- Cedar, Minnesota Location of the neighborhood of Cedar within the city of Oak Grove, Anoka County
- Coordinates: 45°19′11″N 93°17′10″W﻿ / ﻿45.31972°N 93.28611°W
- Country: United States
- State: Minnesota
- County: Anoka County
- Elevation: 902 ft (275 m)
- Time zone: UTC-6 (Central (CST))
- • Summer (DST): UTC-5 (CDT)
- ZIP code: 55011
- Area code: 763
- GNIS feature ID: 640984

= Cedar, Minnesota =

Cedar is a neighborhood of Oak Grove, Anoka County, Minnesota, United States. It was formally absorbed into the city of Oak Grove in 1993. Nearby places include the city of East Bethel. Cedar is located along Cedar Drive, on the south side of Viking Boulevard (Anoka County 22). Cedar Creek flows nearby.

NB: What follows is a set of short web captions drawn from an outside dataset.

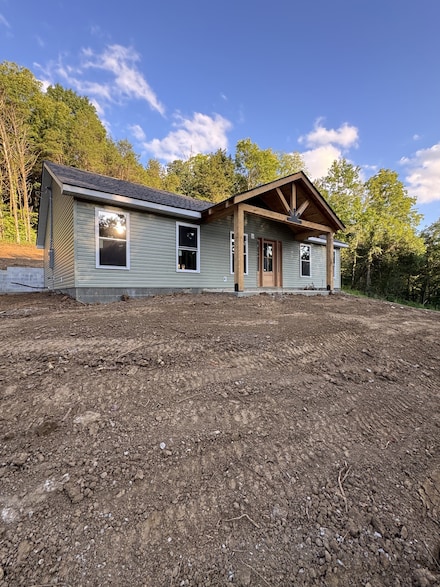 185 Stonewall Hwy, Carthage, TN 37030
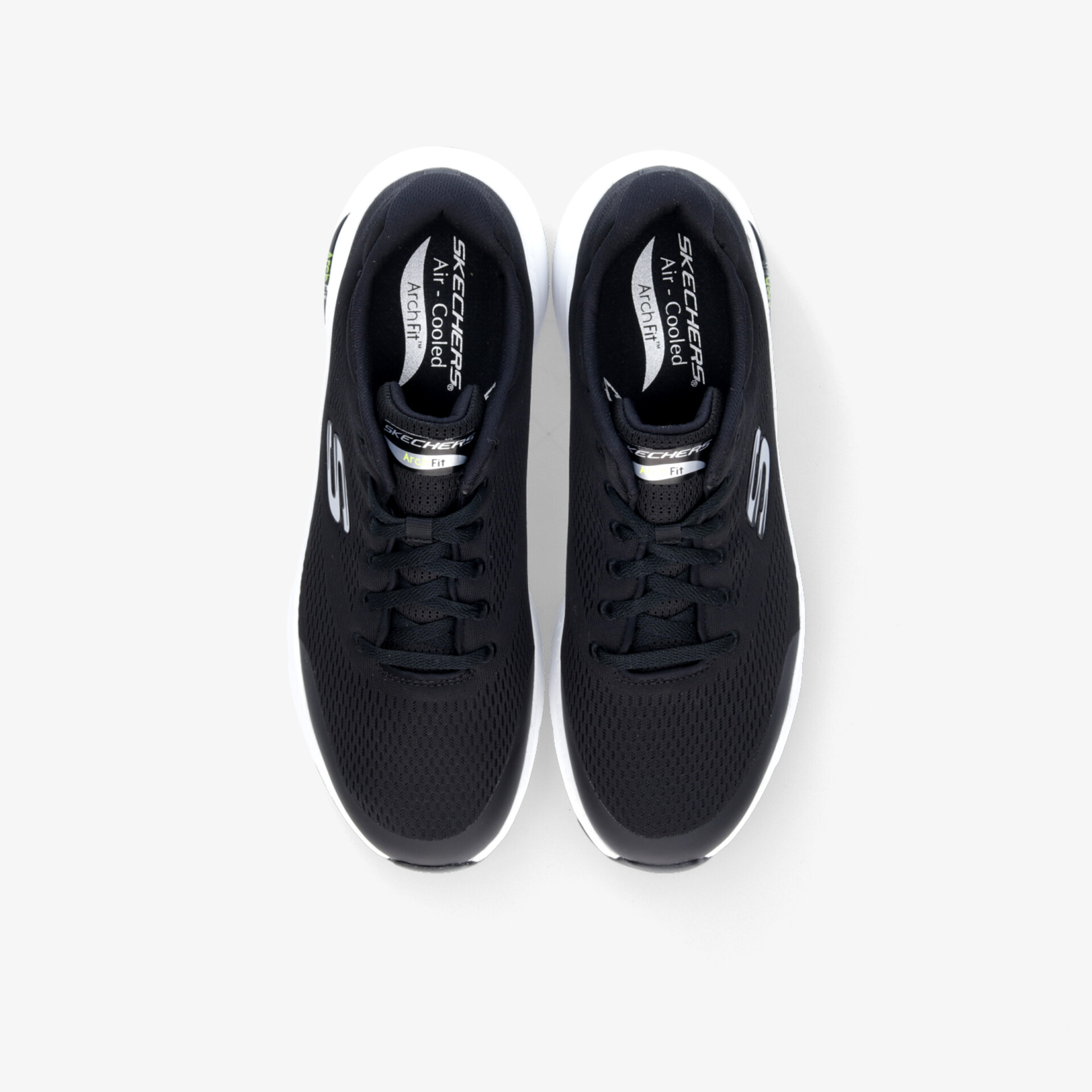 Schwarze Sneaker in stilvollem Design. Komfortable und atmungsaktive Obermaterialien für den Alltag. Leichte Bauweise.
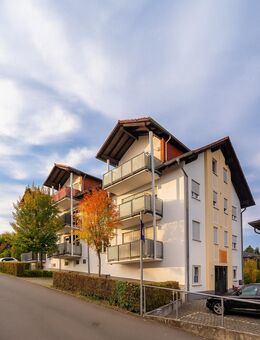 Attraktive 3-Zimmer-Wohnung mit Balkon und Stellplatz in gepflegtem Mehrfamilienhaus?? - Laubach (Hessen)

Local businesses had included a cheese factory, still extant, and a station along the former Great Northern Railway. The neighborhood of Cedar is still distinct and identifiable, and signs mark its location, but it has officially been absorbed into the city of Oak Grove.

Cedar originally received its post office in 1899 under the name of Snapp, and changed its name to Cedar in 1900.